Só para se ter uma idéia, um motor de cilindrada similar a gasolina, o Dodjão 318 -3 empregado nos caminhões da marca tinha 5.212 cm3, 199 cv a 4.000 rpm e 42 mkgf a 2.400 rpm. Um diesel do mesmo porte, como o popular Mercedes OM-352 de 5.675 cm3 (adotado em todos os médios e semipesados da estrela) oferecia 147 cv a 2.800 rpm e 41 mkgf a 2.000 rpm, sempre em valores brutos. Portanto, o 6V-53N realmente se destacava na paisagem.

Havia vários segredos para este desempenho invejável. O primeiro deles residia no fato de operar no ciclo 2 tempos. Ou seja, as quatro funções de funcionamento do motor – admissão, compressão, força e escapamento – eram realizadas numa única volta do virabrequim. Cada curso descendente do 6V-53N era um curso de trabalho útil. Num motor 4 tempos, as mesmas funções são realizadas em duas voltas da árvore de manivelas e, a cada dois cursos descendentes, apenas um é útil.

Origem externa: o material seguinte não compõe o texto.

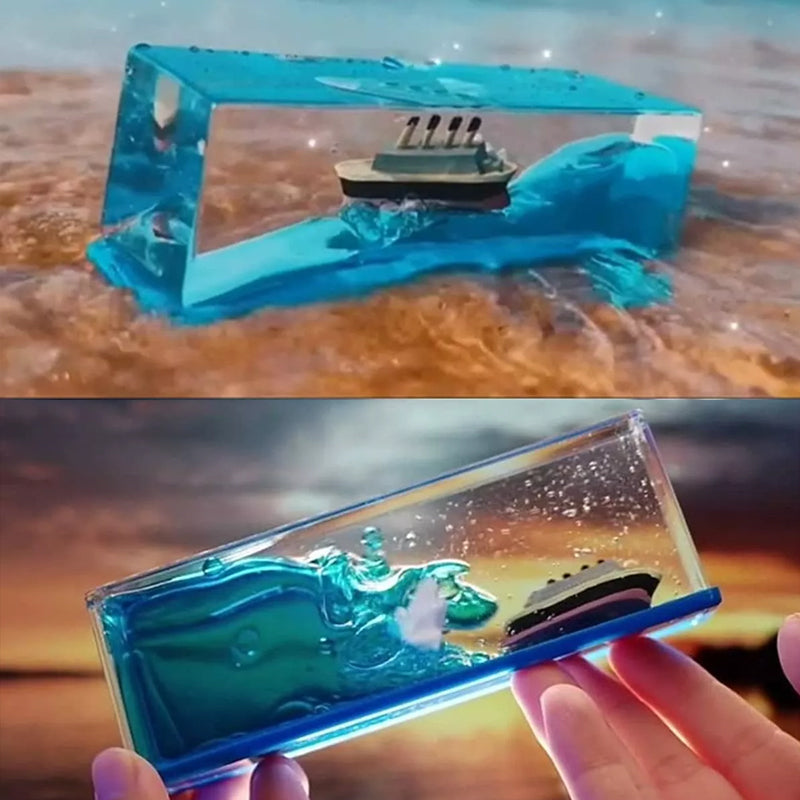 Cruise Ship Model Decoration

A admissão se processava por janelas nas camisas dos cilindros – que por sinal eram removíveis para facilitar a reforma – com ar forçado pela ação de um blower, ou compressor volumétrico acionado pelo virabrequim. Esse processo também era responsável pela expulsão dos gases de escape, por meio de uma “lavagem” dos cilindros, através das válvulas de escape no cabeçote. O sistema de injeção direta era constituído por unidades injetoras individuais, acionadas por came específico no eixo comando de válvulas, um conceito moderno, usado em praticamente todos os motores diesel grandes modernos, embora com controle eletrônico.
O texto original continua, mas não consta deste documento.